|05 June, 2019

SEC's new conflict rule does investors few favors

Cheap index and exchange-traded funds now control as much of the U.S. equity mutual fund market as those run by expensive stock pickers

The seal of the U.S. Securities and Exchange Commission hangs on the wall at SEC headquarters in Washington, June 24, 2011.

The seal of the U.S. Securities and Exchange Commission hangs on the wall at SEC headquarters in Washington, June 24, 2011.

REUTERS/Jonathan Ernst

NEW YORK  - Investors just regained their right to be treated poorly. The U.S. Securities and Exchange Commission on Wednesday tightened conduct standards a bit for brokers while loosening them for investment advisers, effectively saying that conflicts of interest must be disclosed rather than avoided. Sharp dissent within the commission over the new rule, called Regulation Best Interest, underscores the weakness of that approach.

The financial crisis showed the need for tougher rules on intermediaries ranging from brokers at the likes of Morgan Stanley and Goldman Sachs to registered investment advisers such as CapTrust, but efforts have struggled. Political differences in a hyper-partisan Washington stymied action by the SEC, prompting the Department of Labor to adopt a fiduciary rule in the last months of former President Barack Obama’s administration. It required brokers and advisers to put clients’ interest first. Before, they merely had to offer “suitable” investments, which was a license to maximize their own profit rather than that of their customers.

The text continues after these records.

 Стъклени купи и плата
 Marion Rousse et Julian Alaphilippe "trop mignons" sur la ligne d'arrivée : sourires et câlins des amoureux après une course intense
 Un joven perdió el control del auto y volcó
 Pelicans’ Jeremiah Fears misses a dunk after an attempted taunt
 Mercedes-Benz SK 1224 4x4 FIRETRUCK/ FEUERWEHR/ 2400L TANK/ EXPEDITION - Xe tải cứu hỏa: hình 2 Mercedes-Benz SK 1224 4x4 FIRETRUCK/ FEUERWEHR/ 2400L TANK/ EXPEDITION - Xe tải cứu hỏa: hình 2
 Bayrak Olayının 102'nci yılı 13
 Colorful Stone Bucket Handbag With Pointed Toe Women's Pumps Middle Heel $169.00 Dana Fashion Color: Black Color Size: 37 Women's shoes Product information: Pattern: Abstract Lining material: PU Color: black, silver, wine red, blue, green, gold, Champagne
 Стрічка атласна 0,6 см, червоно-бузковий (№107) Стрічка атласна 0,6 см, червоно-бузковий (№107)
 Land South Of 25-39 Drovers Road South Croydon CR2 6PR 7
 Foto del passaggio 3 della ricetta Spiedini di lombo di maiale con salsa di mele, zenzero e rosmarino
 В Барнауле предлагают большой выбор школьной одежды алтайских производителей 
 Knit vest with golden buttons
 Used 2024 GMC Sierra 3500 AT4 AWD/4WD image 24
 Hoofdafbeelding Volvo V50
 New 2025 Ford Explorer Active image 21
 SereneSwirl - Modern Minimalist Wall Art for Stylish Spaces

The rule, which Wall Street firms argued would drive up costs for small investors and limit the range of products on offer, got tossed out last year. Sales of pricey annuities have duly jumped since the fiduciary rule was overturned – they rose 17% in the first quarter, year-on-year, according to insurance association LIMRA. Now SEC Chairman Jay Clayton has jumped into the breach.

Clayton is a former Wall Street lawyer, and has come down squarely on the industry’s side. The new regulation does some good things, like prohibiting sales tournaments that reward brokers for flogging specific securities. But best interest is a vague concept. And brokers can hawk high-priced products that pay them big commissions so long as they disclose those details. A new interpretation of existing rules for advisers suggests they too can merely disclose conflicts, rather than prohibit them.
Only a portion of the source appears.